Taylor imagines a two-dimensional moral space. The horizontal gives you a "point of resolution, the fair award." (p. 706) The vertical hopes to rise higher, to reestablish trust, "to overcome fear by offering oneself to it; responding with love and forgiveness, thereby tapping a source of goodness, and healing" (p. 708) and forgoing the satisfaction of moral victory over evil in sacred violence, religious or secular.

Taylor examines the Unquiet Frontiers of Modernity, how we follow the Romantic search for fullness, yet seem to respond still to our religious heritage. We replace the old "higher time" with autobiography, history, and commemoration. Many moderns are uncomfortable with death, "the giving up of everything." (p. 725)
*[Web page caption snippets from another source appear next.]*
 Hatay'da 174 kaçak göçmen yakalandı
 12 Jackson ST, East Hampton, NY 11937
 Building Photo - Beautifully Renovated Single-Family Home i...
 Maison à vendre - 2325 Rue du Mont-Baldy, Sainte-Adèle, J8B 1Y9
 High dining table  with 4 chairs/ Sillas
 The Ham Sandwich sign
"Our age is very far from settling into a comfortable unbelief." (p. 727) "The secular age is schizophrenic, or better, deeply cross-pressured." (p. 727) Against unbelief, Taylor presents a selection of recent spiritual conversions or "epiphanic" experiences in Catholic artists and writers, including Václav Havel, Ivan Illich, Charles Péguy, and Gerard Manley Hopkins. The path to the future is a rich variety of paths to God in a unity of the church and a new approach to the question of the sexual/sensual. The disciplined, disengaged secular world is challenged by a return to the body in Pentecostalism. There is a "profound interpenetration of eros and the spiritual life." (p. 767) "[I]n our religious lives we are responding to a transcendent reality." (p. 768) Our seeking for "fullness" is our response to it.
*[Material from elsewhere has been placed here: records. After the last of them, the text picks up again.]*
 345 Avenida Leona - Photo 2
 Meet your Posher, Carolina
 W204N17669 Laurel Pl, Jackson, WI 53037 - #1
Secular belief is a shutting out. "The door is barred against further discovery." (p. 769) But in the secular "'waste land'... young people will begin again to explore beyond the boundaries." (p. 770) It will, Taylor believes, involve a move away from "excarnation", the disembodying of spiritual life, and from homogenization in a single principle, to celebrate the "integrity of different ways of life." (p. 772)
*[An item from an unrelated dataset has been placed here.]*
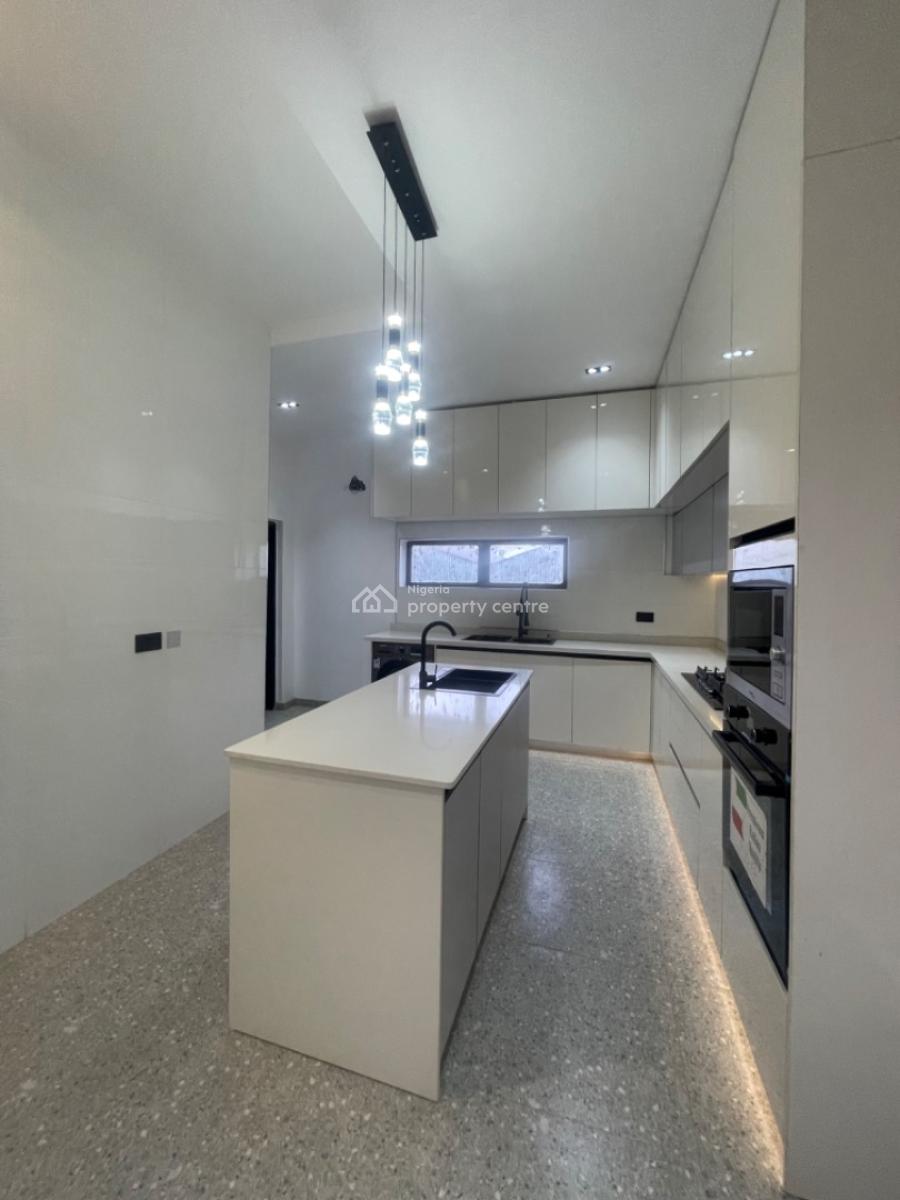 3 Bedroom Apartment with a Bq, Adeniyi Jones Ikeja, Ikeja, Lagos, Block of Flats for Sale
===Epilogue: The Many Stories===
In a brief afterword, Taylor links his narrative to similar efforts by e.g., John Milbank and the radical orthodoxy movement, while also elucidating the distinctiveness of his own approach. He calls the tale told by radical orthodoxy thinkers the "Intellectual Deviation" story, which focuses on "changes in theoretical understanding, mainly among learned and related élites," (p. 774) whereas the story he relates, which he names the "Reform Master Narrative," is more concerned with how secularity "emerges as a mass phenomenon." (p. 775) Both these stories are complementary, "exploring different sides of the same mountain." (p. 775) In his review of the book, Milbank agreed that Taylor's thesis "...is more fundamental... because the most determining processes are fusions of ideas and practices, not ideas in isolation.

==Criticism==

Charles Larmore was critical of A Secular Age in its approach, especially with it having too many references to Catholic theologians and a noticeable absence of Protestant figures (see section I paragraph 7 within the cited article). Larmore also sees A Secular Age offering nothing new and is simply an extension of Max Weber's work on secularization theory (Section II, paragraph 1) with Weber and Taylor having differences that may be attributable to Weber being "a lapsed Protestant" and Taylor being "an ardent Catholic" (section II, paragraph 2). Larmore feels Taylor, in his book, may have an adequate basis for jumping to metaphysical or religious conclusions concerning the understanding of a secular view of the world, but to do so is "precisely what we ought not to do" (Section II, paragraph 5). Larmore disagrees with Taylor's insistence that people, having adequate information, should take a stance on God's presence throughout the world (Section II, paragraph 7). In Larmore's opinion, Taylor is wrong in not recognizing that "We have never been, and we will never be, at one with ourselves" and, therefore, should not jump to conclusions that are based on faith - which Larmore believes Taylor did in his book (Section II, paragraph 12).

==Reviews==
A Secular Age has been reviewed in newspapers such as The New York Times and The Guardian, magazines such as The New Republic and The American Prospect, and professional journals such as Intellectual History Review, Political Theory, Implicit Religion, and European Journal of Sociology.